US President Donald Trump has defended his decision to suspend issuing of green cards till the end of the year, saying it was needed to give jobs to Americans.
Through an executive order, Trump, in April, had suspended issuing of green cards for 90 days. On Monday, he issued a proclamation which extended the suspension till December 31, 2020.
“So, we want to give jobs to Americans right now. Right now, we want jobs going to Americans,” Trump told reporters in San Luis, Arizona on Tuesday when asked by reporters to explain the suspension order.
Trump, seeking another term in the White House in the November 3 presidential election, on Monday said the step was essential to help millions of Americans who have lost their jobs due to the economic crisis amidst the COVID-19 pandemic.
Trump said that the overall unemployment rate in the country nearly quadrupled between February and May of 2020 — producing some of the most extreme unemployment rates ever recorded by the Bureau of Labor Statistics.
While the rate of 13.3 per cent unemployment in May reflects a marked decline from April, millions of Americans remain out of work.
With the current suspension in effect, the wait time for Indian technology professionals to get legal permanent residency in the US is now running into decades.
The US every year allocates only 1,40,000 green cards for all employment-preference immigrants, including accompanying family members.
Currently, there is a backlog of almost 10 lakh foreign nationals and accompanying family members lawfully residing in the United States. These applicants have been approved but are yet to receive employment green cards.

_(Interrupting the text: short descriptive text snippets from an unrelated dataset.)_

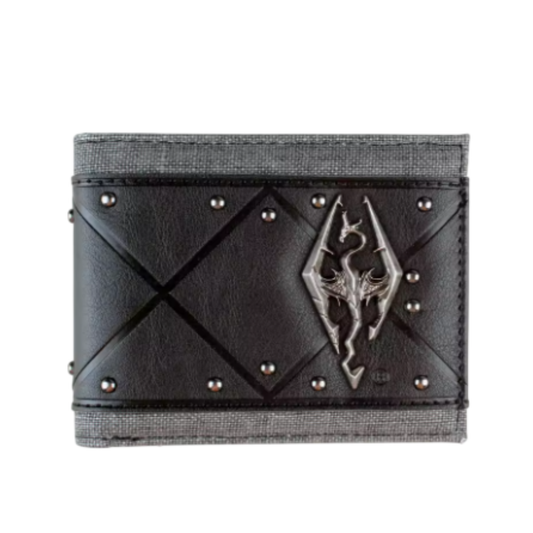 Dragon Emblem Bifold Wallet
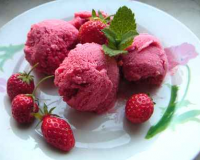 Glace à la fraise maison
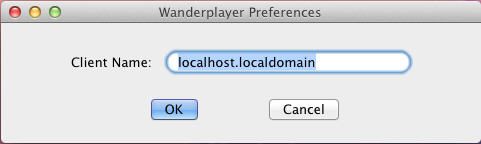 Wanderplayer 2.0 : Preference Window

The backlog is projected to increase each year because the number of foreign workers who self-sponsor or are sponsored by their US employers for green cards each year exceeds the annual allocation.
In addition to this numerical limit, there is a statutory seven per cent per-country ceiling applied to each preference category, which prevents the monopolisation of employment-based green cards by foreign nationals from a single country.
This per-country ceiling has created decades-long waits for nationals from large migrant-sending countries such as India and China, a latest Congressional report said.